Tuesday, August 28, 2007

New Blink book

Gerd Gigerenzer, a German social psychologist, has written a new book justifying making decisions by gut feeling. Here is a sample of his research:
In the 1990s, I was living in Chicago, where there are high dropout rates from the high schools. People often asked, "Is there a way to know which school has the lowest dropout rate?" There existed data measuring different cues of school performance: the pay of teachers, the number of English-speaking students in a class, things like that.

I wondered: could one feed these into a computer, analyze them and obtain a prediction on which high school produced the fewest dropouts? We did that. And we were astonished to find that computer-based versions of Franklin’s bookkeeping method -- a program that weighed 18 different cues -- proved less accurate than going with the rule of thumb of "get one good reason and ignore the rest of the information."

Q: What was the "one good reason" that got you the right answer?

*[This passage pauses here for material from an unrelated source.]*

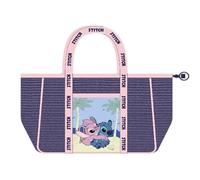 Cerdà Disney Lilo & Stitch Bolsa de playa 20 x 39 x 62 cm - Materiales reciclados - Diseño de Stitch y Angel - Violeta rosa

A: Knowing which school had high daily attendance rates. If two schools had the same attendance levels, you needed one more cue -- good writing scores -- and then you could ignore the rest.
No, this is an example of the superiority of computer analysis. Simple regressions often show that one or two factors are dominant, but it takes a statistical analysis to prove it. Those who rely on gut feelings often get fooled into thinking things like teacher pay are more significant.